* **Directions for this task**: Every picture should be left out, but the lines below must be repeated exactly.

* **Data supplied**:
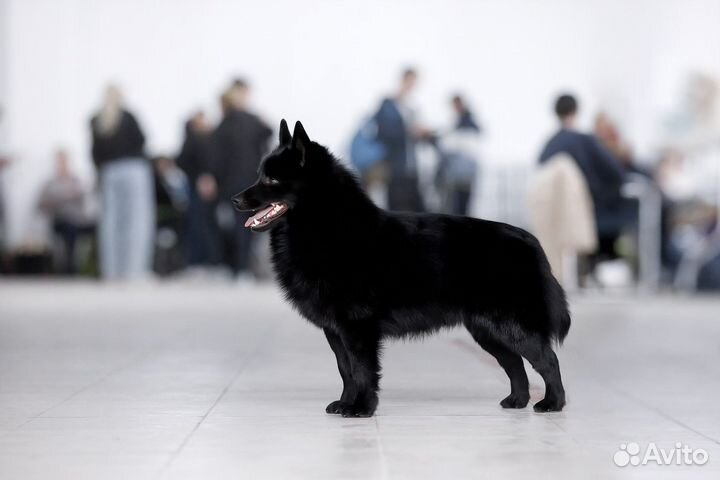 Продается кобель схипперке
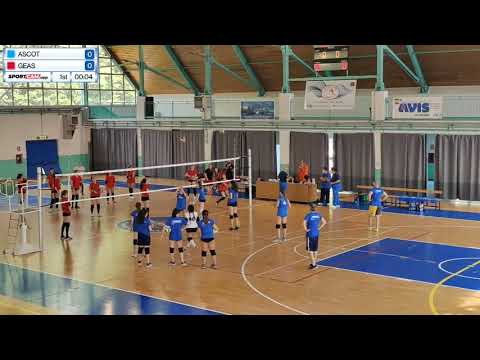 🏐 Allieve Bianche - Geas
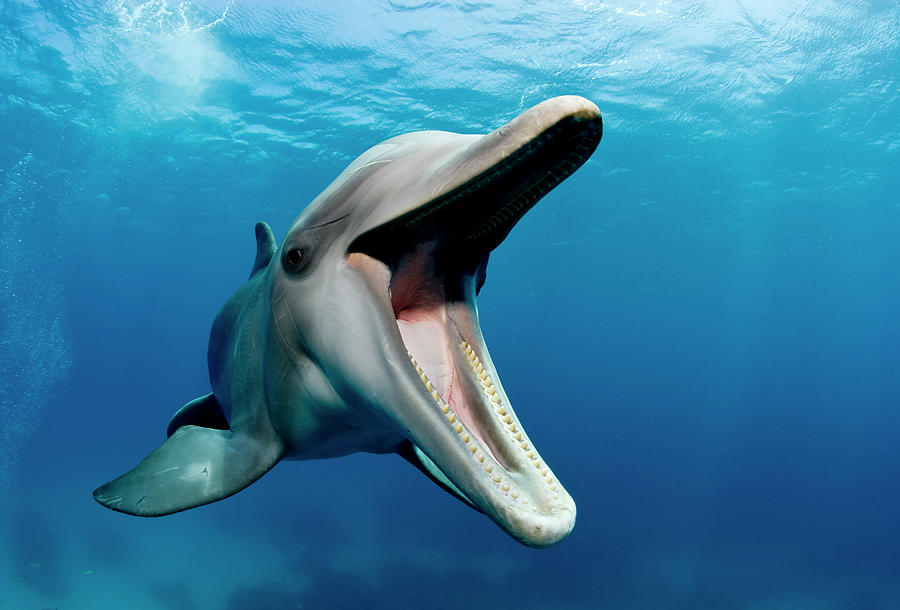Atlantic Bottlenose Dolphin, Tursiops Photograph by Stephen Frink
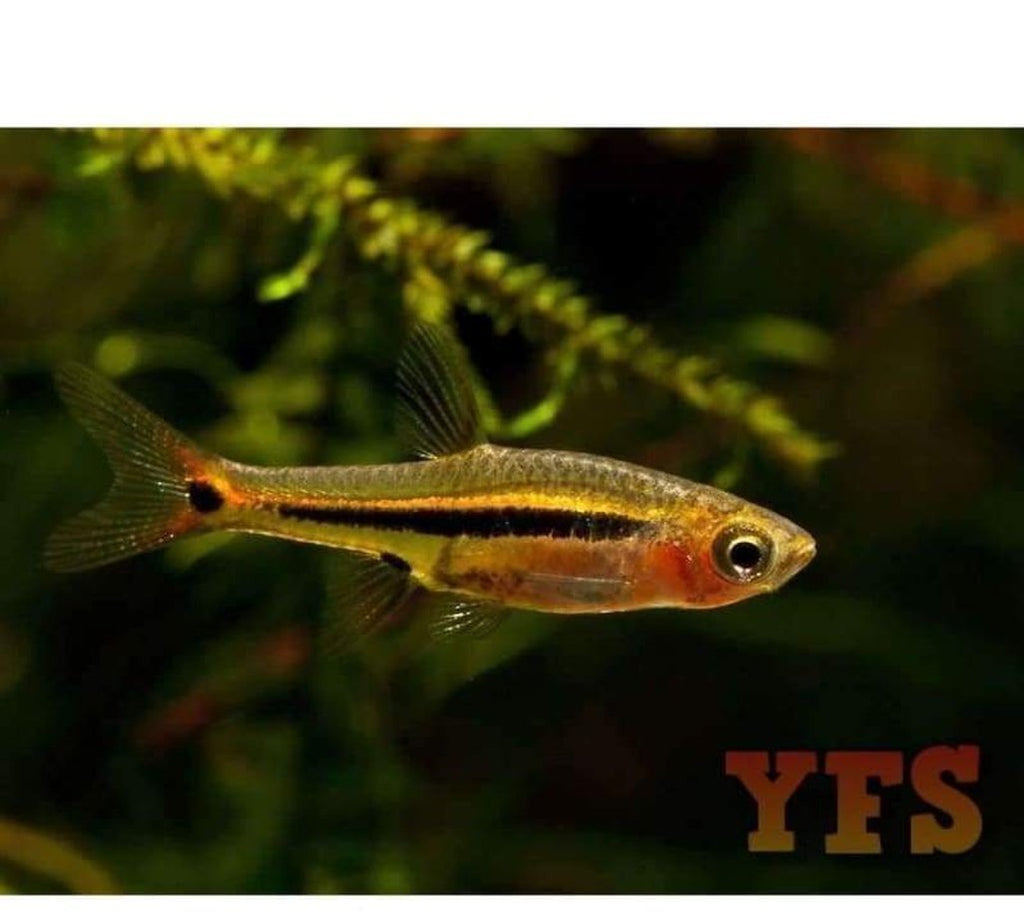 X25 Exclamation Point Rasbora 1/2" - 1 1/2" Each - Package - Freshwater Fish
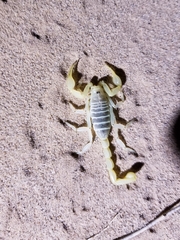 Paruroctonus xanthus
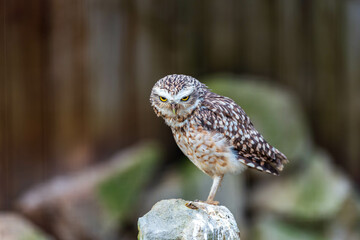 With a curious tilt of its head and intense yellow eyes, a burrowing owl perches on a rock, its speckled plumage sharply contrasted against a softly blurred background.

* **Answer to the exercise**:
 Продается кобель схипперке
 🏐 Allieve Bianche - Geas
Atlantic Bottlenose Dolphin, Tursiops Photograph by Stephen Frink
 X25 Exclamation Point Rasbora 1/2" - 1 1/2" Each - Package - Freshwater Fish
 Paruroctonus xanthus
 With a curious tilt of its head and intense yellow eyes, a burrowing owl perches on a rock, its speckled plumage sharply contrasted against a softly blurred background.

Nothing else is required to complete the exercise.